Work item: The records that follow are to be printed exactly, with no images.

----- Supplied records

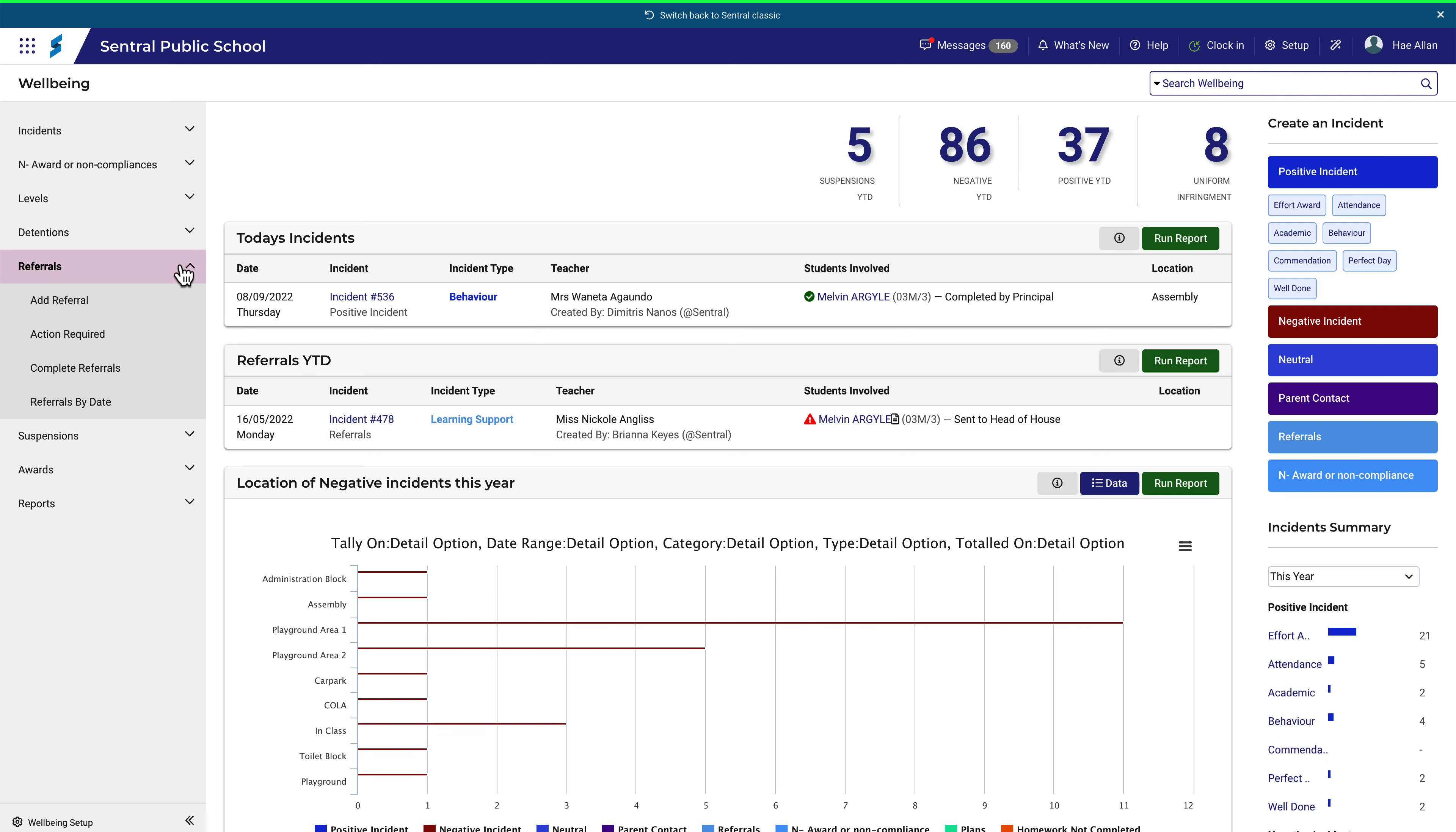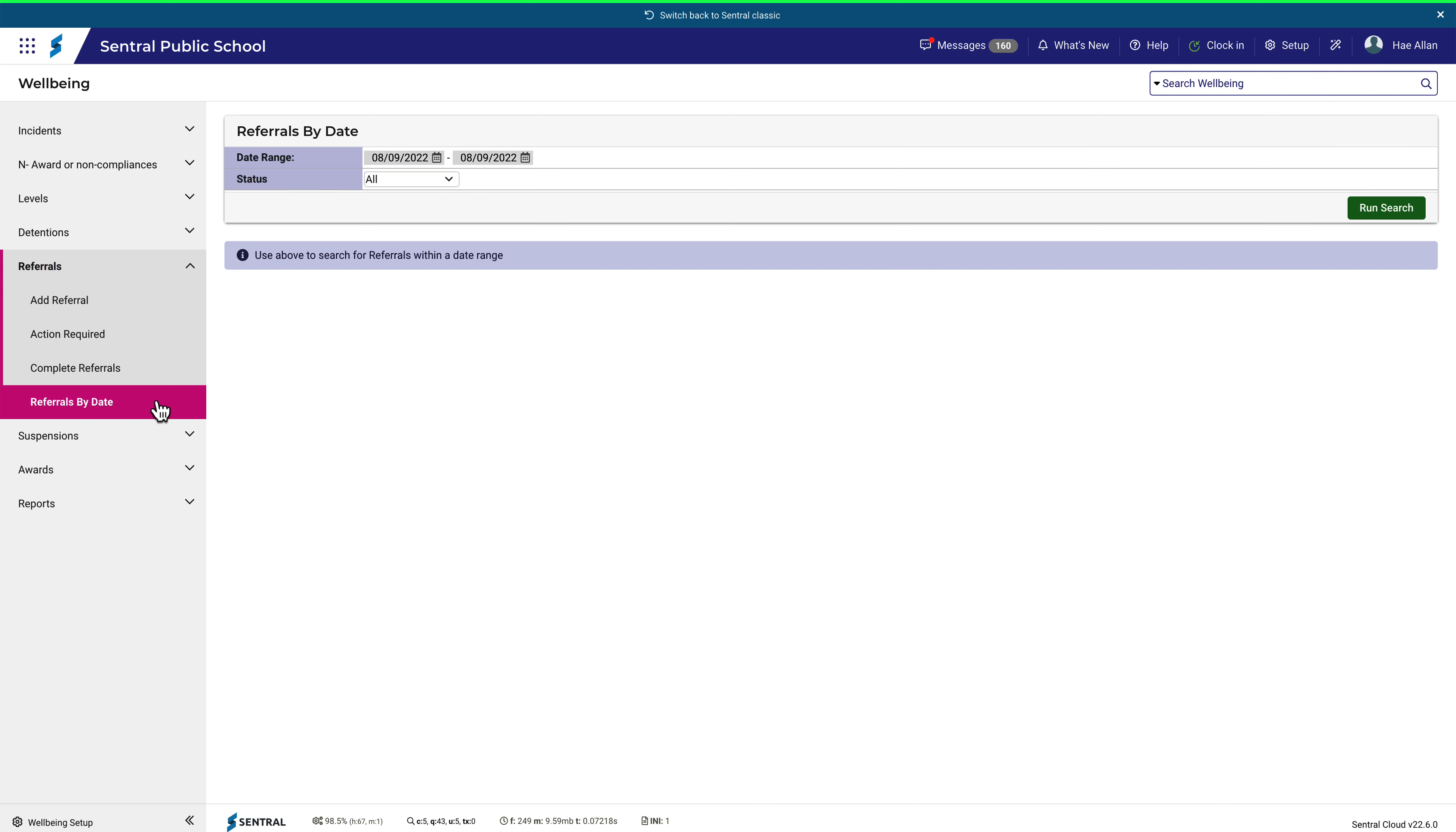To do that, navigate to referrals and then referrals by date. This is a very simple process, but we'll do a quick video for it anyway.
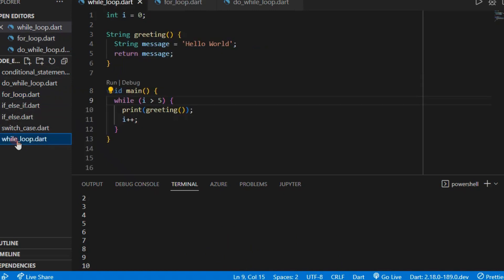In my example I have two functions: a greeting function and a main function, along with a global variable 'i' initialized to zero. What I'm trying to do is print the message variable 'Hello World' based on the given condition of the while loop. Instead of writing multiple print statements, this is the better way using a while loop so you don't have to repeat yourself.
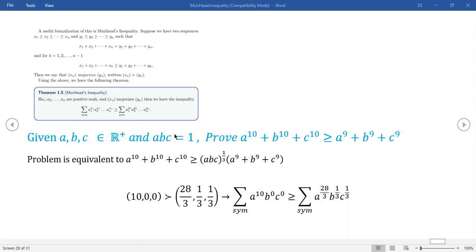But again, we're dealing with a problem where we have a constraint. It turns out there's a quick, clever way to use this initial condition. Notice that ABC equals one, so the inequality is absolutely equivalent to a modified form, because that extra piece is just equal to one. That gives us a hint on how to apply Muirhead's inequality.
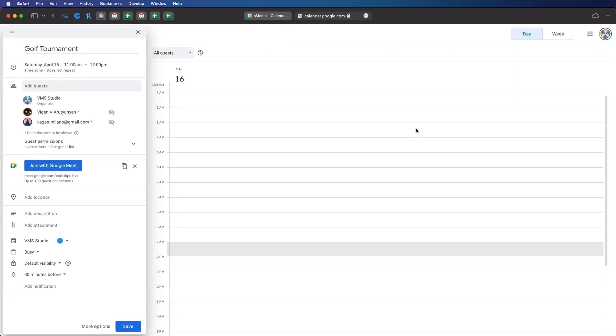You can also click find a time to see if the other person has any other calendar event during that time.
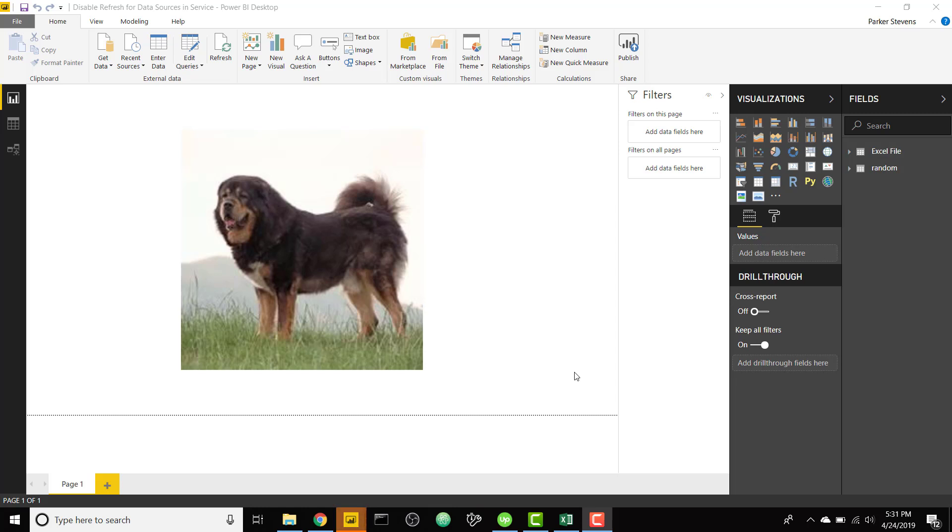What's up guys, Parker here. I have a really exciting video today on how to disable refresh of local data sources or data sources that aren't refreshable on Power BI service.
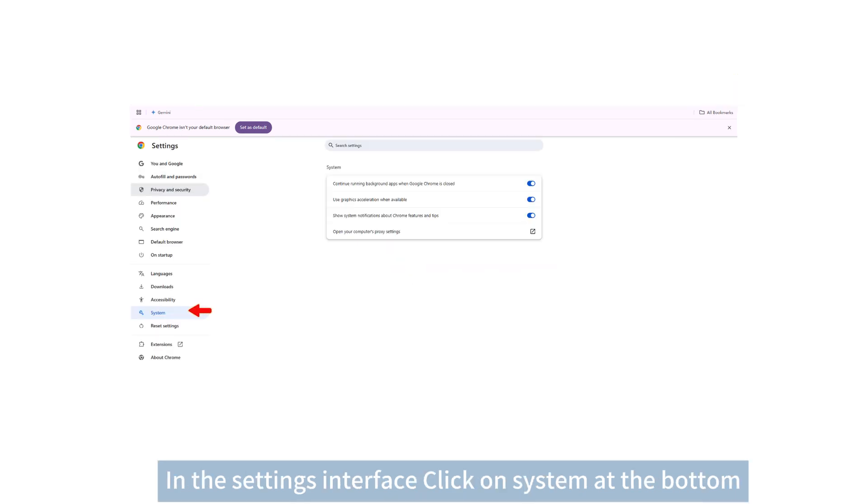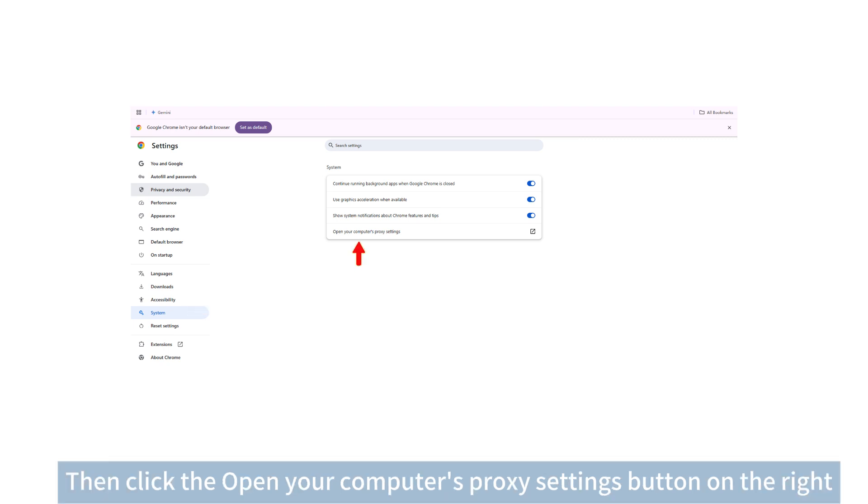In the settings interface, click on system at the bottom. Then click the open your computer's proxy settings button on the right.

----------

Written answer:
To do that, navigate to referrals and then referrals by date. This is a very simple process, but we'll do a quick video for it anyway.
In my example I have two functions: a greeting function and a main function, along with a global variable 'i' initialized to zero. What I'm trying to do is print the message variable 'Hello World' based on the given condition of the while loop. Instead of writing multiple print statements, this is the better way using a while loop so you don't have to repeat yourself.
But again, we're dealing with a problem where we have a constraint. It turns out there's a quick, clever way to use this initial condition. Notice that ABC equals one, so the inequality is absolutely equivalent to a modified form, because that extra piece is just equal to one. That gives us a hint on how to apply Muirhead's inequality.
You can also click find a time to see if the other person has any other calendar event during that time.
What's up guys, Parker here. I have a really exciting video today on how to disable refresh of local data sources or data sources that aren't refreshable on Power BI service.
In the settings interface, click on system at the bottom. Then click the open your computer's proxy settings button on the right.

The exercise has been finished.